Poster
in
Workshop: NeurIPS'24 Workshop on Causal Representation Learning
Causal Inference under Differential Privacy: Challenges and Mitigation Strategies
Amirhossein Farzam · Guillermo Sapiro
The intersection of differential privacy (DP) and causal inference is crucial for protecting data privacy while preserving the accuracy of causal estimates, yet limited research explores how DP mechanisms impact causal effects estimated from privatized data. This paper formally investigates for the first time the impact of DP on causal inference, focusing on how standard DP mechanisms affect the accuracy of treatment effect estimates across various causal inference frameworks. Our core theoretical findings reveal that while applying DP mechanisms to outcomes preserves the unbiasedness of average treatment effect (ATE) estimates, it can increase their variance and severely distort individual treatment effect (ITE) estimates. Privatizing treatments, on the other hand, can lead to unexpected consequences, such as ITE underestimation in certain settings.

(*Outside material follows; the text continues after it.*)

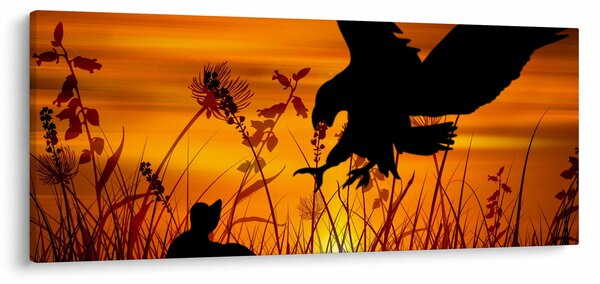 Slika siluete grabežljivca (120x50 cm)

Informed by our theoretical analysis, we propose two solutions to these issues: First, we show that under some conditions with privatized treatments, we can exactly recover the ATE estimates given information about the true privacy and balance parameters.Second, we propose robust regression as a mitigation strategy during the data analysis stage, to reduce the ITE estimation error. In addition to providing actionable guidance for balancing data privacy and causal inference accuracy, this work provides the first foundational results on treatment effect estimation from differentially private data, laying the foundation for future research into privacy-aware causal representation learning toward enabling models to robustly handle privatized data.